Tips for staying healthy in lockdown | Anushree Acharya
I have been asked a number of questions about nutrition and dietary issues related to the COVID-19 / Coronavirus outbreak so do I. Being a nutritionist I would also like to share some few tips among you al. In the first instance, we would always encourage members of the public to follow the latest advice from governments, and public health authorities: This includes following social distancing guidance as issued by the Government, especially if you are aged over 70, are pregnant, or have a preexisting health condition that places you at greater risk.
Simply put, you cannot “boost” your immune system through diet, and no specific food or supplement will prevent you catching COVID-19/ Coronavirus. Good hygiene practice remains the best means of avoiding infection.
There are many nutrients that are involved with the normal functioning of the immune system and therefore we would encourage maintaining a health balanced diet in order to support immune function.
Next is many people have problems about gaining weight in this lockdown and as we all know exercise covers 20% to 30% role whereas diet plays 70% to 80% so be careful about what you are taking as your meal in this lockdown.
The Key to Weight Loss Is Diet Quality, Not Quantity.
Many of us who has ever been on a diet know that the standard prescription for weight loss is to reduce the amount of calories you consume.
But a new study, shows that people who cut back on added sugar, refined grains and highly processed foods while concentrating on eating plenty of vegetables and whole foods , without worrying about counting calories or limiting portion sizes, lost significant amounts of weight over the course of a year.
The strategy worked for people whether they followed diets that were mostly low in fat or mostly low in carbohydrates. And their success did not appear to be influenced by their genetics or their insulin-response to carbohydrates, a finding that casts doubt on the increasingly popular idea that different diets should be recommended to people based on their DNA makeup or on their tolerance for carbs or fat.
Most research lends strong support to the notion that diet quality, not quantity, is what helps people lose and manage their weight most easily in the long run.
Next beneficial tip would be keeping to a regular eating pattern. When trying to lose weight, it’s important to not skip any meals or snacks and to try to eat something small every 2-3 hours; this will help with your hunger cravings and ensure that you do not eat too much food at one time.
For awareness Well, Once again, I would like to remind you about COVID-19 prevention
- Wash your hands frequently and carefully: Use warm water and soap and rub your hands for at least 20 seconds. Work the lather to your wrists, between your fingers, and under your fingernails.

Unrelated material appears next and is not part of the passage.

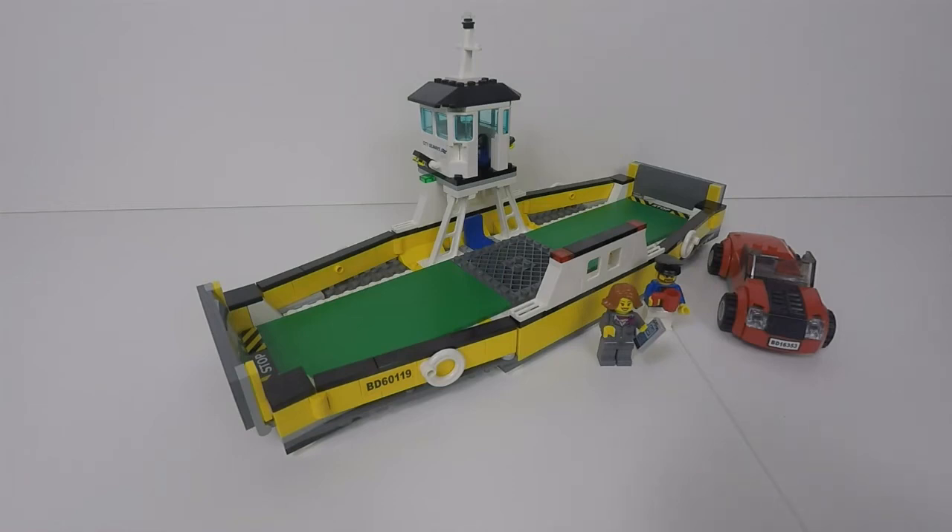Hi folks, welcome to this slightly different comparison video. This is a comparison between the 2016 LEGO Car Ferry set 60119 and an actual real-life ferry that was on recently. I shot some footage on that and we'll have a look at that in a minute. First we'll just go through this set.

You can also use antibacterial and antiviral soap. Use hand sanitizer when you cannot wash your hands properly. Rewash your hands several times a day, especially after touching anything including your phone or laptop.
- Avoid touching your face
- Stop shaking hands and hugging people — for now
- Don’t share personal items
- Cover your mouth and nose when you cough and sneeze
Use a tissue or sneeze into your elbow to keep your hands as clean as possible. Wash your hands carefully after you sneeze or cough, regardless.

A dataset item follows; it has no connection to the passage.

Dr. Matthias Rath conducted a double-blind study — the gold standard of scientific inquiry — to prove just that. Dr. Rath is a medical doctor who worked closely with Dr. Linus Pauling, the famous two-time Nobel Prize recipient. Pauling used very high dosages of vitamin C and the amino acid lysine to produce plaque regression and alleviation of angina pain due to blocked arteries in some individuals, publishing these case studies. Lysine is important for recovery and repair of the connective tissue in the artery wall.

- Take social distancing seriously and stay at least six feet away from others in public places
- Do not gather in groups
Being in a group or gathering makes it more likely that you will be in close contact with someone. This includes avoiding all religious places of worship, as you may have to sit or stand too close to another congregant. It also includes congregating at parks etc.
- Wash fresh groceries
- Wear mask
- Self-quarantine if sick
Call your doctor if you have any symptoms. Stay home until you recover. Avoid sitting, sleeping, or eating with your loved ones even if you live in the same home.